The Washington Internet Daily (which apparently is not on the Internet) has a story predicting the Telecom Bill will pass the House this year. The only sticking point seems to be the “controversial” “net neutrality” proposal. Says Howard Waltzman, the committee’s majority chief telecom counsel, and “net neutrality” opponent: “We’re going to rely on the market to regulate these services and not have a heavy hand in government regulation.” Waltzman thinks net neutrality regulation would turn “broadband pipes into railroads and regulating them under common carriage.” As he explains:
“The reason the Internet has thrived is because it’s existed in an unregulated environment. Regulating… under common carriage would be a complete step backward for the Internet.”

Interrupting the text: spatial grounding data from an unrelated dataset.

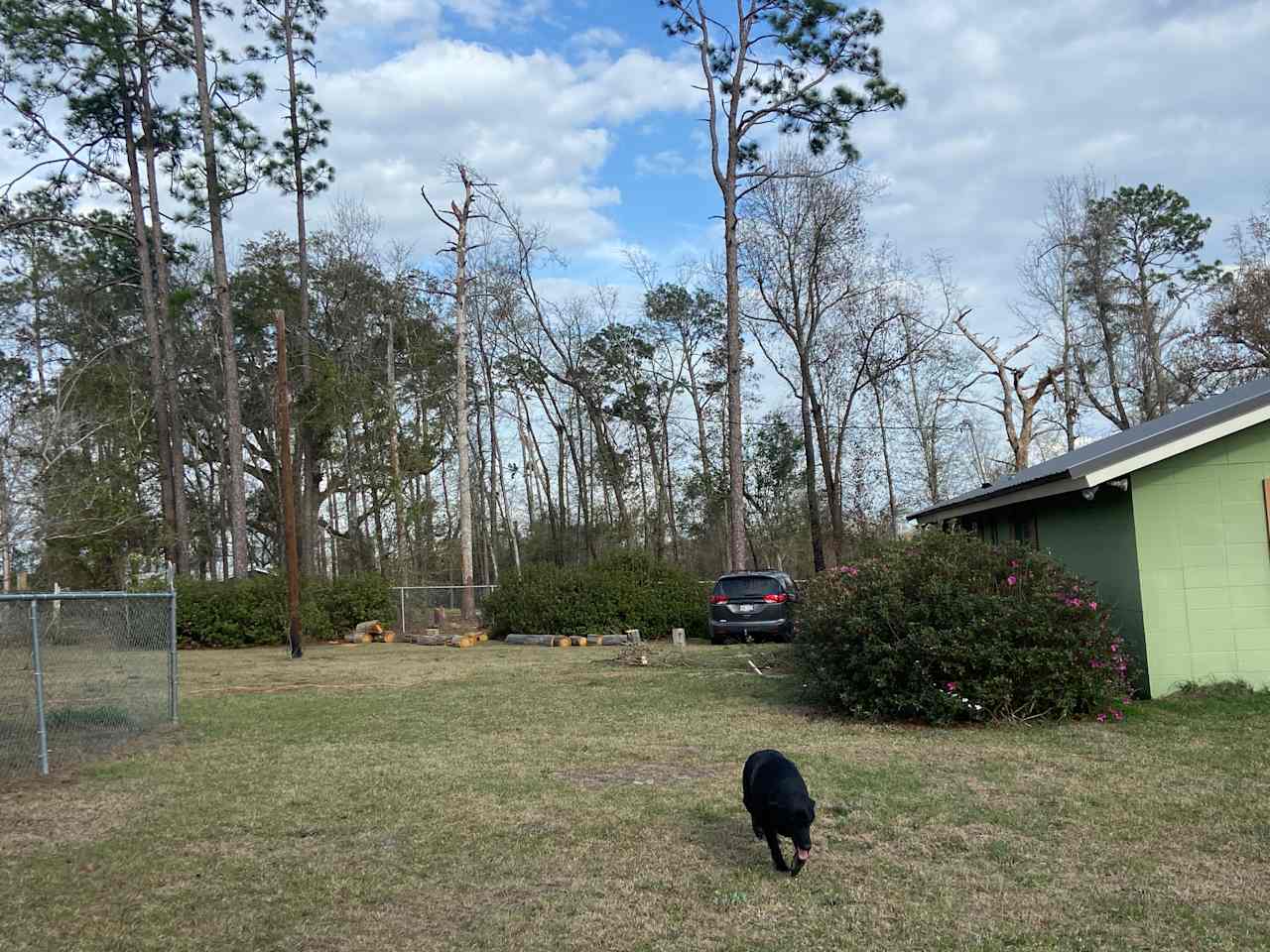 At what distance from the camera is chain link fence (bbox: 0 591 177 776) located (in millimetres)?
8406

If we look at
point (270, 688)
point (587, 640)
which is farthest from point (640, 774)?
point (587, 640)

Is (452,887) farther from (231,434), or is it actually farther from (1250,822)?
(231,434)

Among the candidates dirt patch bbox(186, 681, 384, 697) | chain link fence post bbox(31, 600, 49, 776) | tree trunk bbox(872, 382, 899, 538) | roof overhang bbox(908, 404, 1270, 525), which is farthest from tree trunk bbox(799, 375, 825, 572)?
chain link fence post bbox(31, 600, 49, 776)

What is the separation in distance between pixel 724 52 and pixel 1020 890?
24.4 meters

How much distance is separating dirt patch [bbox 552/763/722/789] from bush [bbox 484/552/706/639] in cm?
1383

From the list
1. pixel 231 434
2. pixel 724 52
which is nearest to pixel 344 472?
pixel 231 434

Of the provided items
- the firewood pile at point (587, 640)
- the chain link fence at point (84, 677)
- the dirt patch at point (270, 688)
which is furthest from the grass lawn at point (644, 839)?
the firewood pile at point (587, 640)

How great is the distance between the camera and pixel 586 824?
6266 millimetres

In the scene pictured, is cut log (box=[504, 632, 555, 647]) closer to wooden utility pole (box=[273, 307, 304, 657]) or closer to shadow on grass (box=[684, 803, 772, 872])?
wooden utility pole (box=[273, 307, 304, 657])

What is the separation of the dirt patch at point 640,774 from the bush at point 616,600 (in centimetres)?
1383

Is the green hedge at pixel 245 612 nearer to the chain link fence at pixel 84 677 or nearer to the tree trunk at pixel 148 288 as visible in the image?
the tree trunk at pixel 148 288

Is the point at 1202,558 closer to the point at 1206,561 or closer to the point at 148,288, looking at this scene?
the point at 1206,561

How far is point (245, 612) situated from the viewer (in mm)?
23578

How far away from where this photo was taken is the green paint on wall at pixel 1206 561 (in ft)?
31.8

So half right, but wholly wrong. For of course, when the Internet first reached beyond research facilities to the masses, it did so on regulated lines — telephone lines. Had the telephone companies been free of the “heavy hand” of government regulation, it’s quite clear what they would have done — they would have killed it, just as they did when Paul Baran first proposed the idea in 1964. It was precisely because they were not free to kill it, because the “heavy hand[ed]” regulation required them to act neutrally, that the Internet was able to happen, and then flourish.
So Waltzman’s wrong about the Internet’s past. But he’s certainly right about what a mandated net neutrality requirement would be. It would certainly be a “complete step backward for the Internet” — back to the time when we were world leaders in Internet penetration, and competition kept prices low and services high. Today, in the world where the duopoly increasingly talks about returning us to the world where innovation is as the network owners says, broadband in the US sucks. We are somewhere between 12th and 19th in the world, depending upon whose scale you use. As the Wall Street Journal reported two months ago, broadband in the US is “slow and expensive.” Verizon’s entry-level broadband is $14.95 for 786 kbs. That about $20 per megabit. In FRANCE, for $36/m, you get 20 megabits/s — or about $1.80 per megabit.
How did France get it so good? By following the rules the US passed in 1996, but that telecoms never really followed (and cable companies didn’t have to follow): “strict unbundling.” That’s the same in Japan — fierce competition induced by “heavy handed” regulation producing a faster, cheaper Internet. Now of course, no one is pushing “open access” anymore. Net neutrality is a thin and light substitute for the strategy that has worked in France and Japan. But it is regulation, no doubt.
So while it is true that we have had both:
(a) common carrier like regulation applied to the Internet, and
(b) basically no effective regulation applied to the Internet
and it is true that we have had both:
(c) fast, fierce competition to provide Internet service and
(d) just about the worst broadband service of the developed world
it is not true that we had (c) when we had (b).
We had (c) when we had (a), and we have (d) now that we have (b).
But in the world where the President has the inherent authority to wiretap telephones, who would be surprised if facts didn’t matter much.
Broadband is infrastructure — like highways, if not railroads. If you rely upon “markets” alone to provide infrastructure, you’ll get less of it, and at a higher price. (See, e.g., the United States, today.)